Tu me manderas si le libraire a payé le 18 vendémiaire.

Lis le dedans de l’enveloppe de cette lettre.

Maffliers devenait, comme on voit, de plus en plus pénible à Mme de Staël. Elle ne s’y sentait pas en sécurité. Elle s’y ennuyait ; elle s’y s’attristait : elle rêvait toujours d’aller s’établir à Paris. Pour en obtenir la permission, elle avait recours à un protecteur dont elle s’exagérait la puissance, mais dont l’appui ne lui avait jamais fait défaut : au bon et fidèle Joseph Bonaparte. Depuis plusieurs années, elle était en correspondance avec lui.

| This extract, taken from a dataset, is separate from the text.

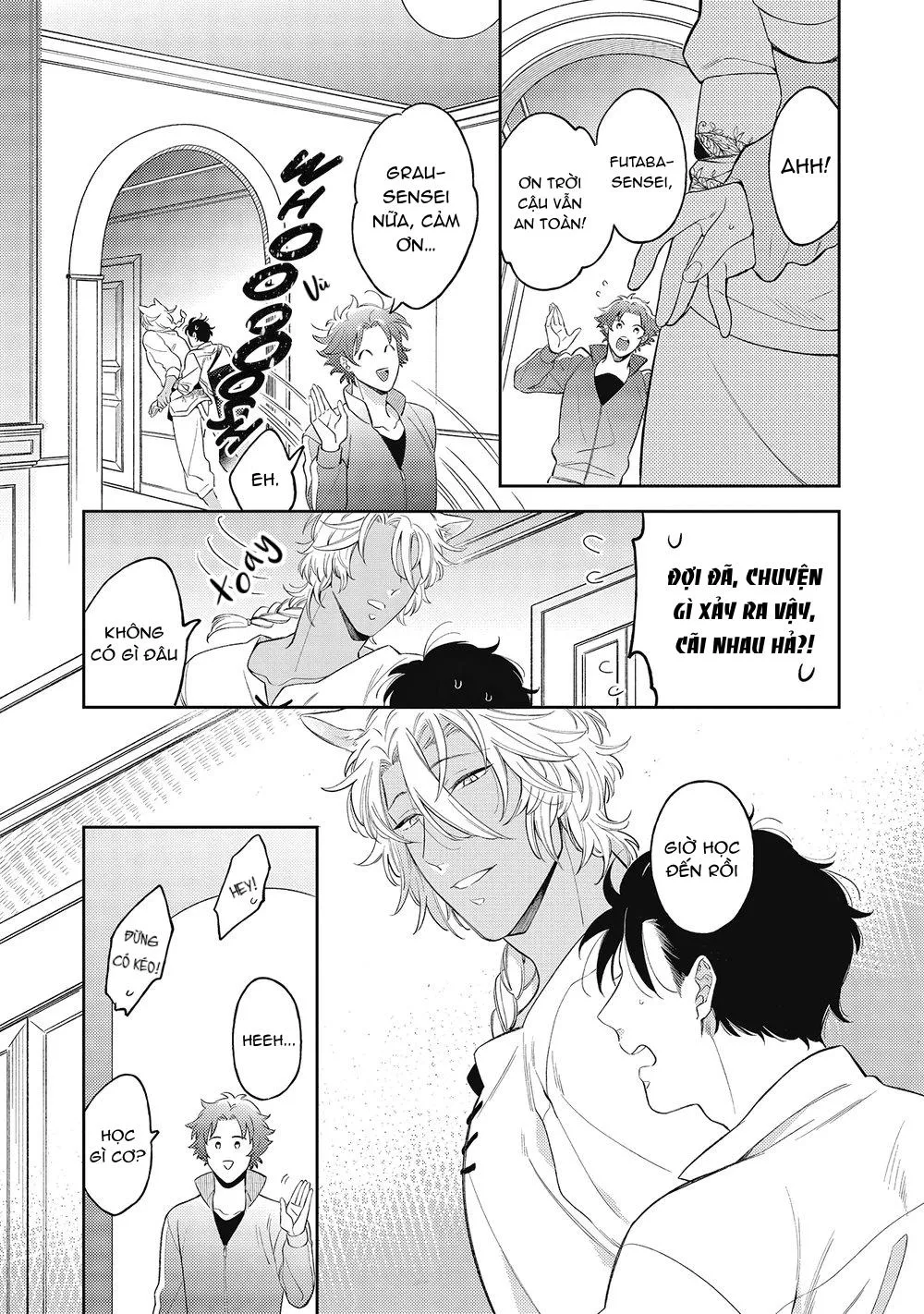 Cách yêu một nhân thú gắt gỏng Chapter 1 Trang 32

Elle savait qu’à plusieurs reprises, il avait pris sa défense auprès du Premier Consul. Elle crut pouvoir lui adresser la lettre suivante[1] :

Maffliers, ce mercredi 4 octobre.

Il faut, quoique à regret, mon cher Joseph, que je vous entretienne encore une fois de mes tristes affaires. Peut-être sera-ce la dernière. Je ne voulais de ma vie vous importuner par aucune sollicitation, mais c’est un des grands malheurs de la persécution de vous obliger à demander l’air qu’on respire comme les autres demandent des places et de la fortune. Mon notaire m’a prêté pour un mois une maison à peu près inhabitable, et, ce qui est plus sérieux, malsaine pour mes enfans. Il faut que je la quitte absolument et je ne puis tenir un fils de treize ans loin de tous les maîtres nécessaires à son éducation. Il faut donc que je sache où je puis passer l’hiver. Si je ne puis rester à Paris, il faut que je demande un passeport pour mener mon fils dans quelque université savante de l’Allemagne et je ne puis attendre, pour prendre un parti, que les chemins soient devenus impraticables. Il m’eût été bien plus doux de préparer mon fils pour l’École polytechnique que de me voir réduite à lui donner une éducation étrangère. Mais puis-je supporter plus longtemps l’injuste traitement que j’éprouve ? Permettez que je vous en présente le tableau. Je fais un roman, qui ne contient assurément rien qui puisse blesser le gouvernement. Ce roman est traduit dans toutes les langues de l’Europe. Dix journaux français sont chargés de l’insulter. La censure existe pour les pièces de théâtre. Deux

  1. Peut-être, à l’aide de documens que je possède et d’autres qui m’ont été obligeamment communiqués par le comte Primoli, héritier des papiers de Joseph Bonaparte, reviendrai-je quelque jour sur cette relation si honorable de part et d’autre. La lettre que je reproduis n’est qu’un brouillon. Je ne doute pas qu’elle n’ait été envoyée. Je dois dire cependant que l’original n’en a pas été retrouvé par le comte Primoli.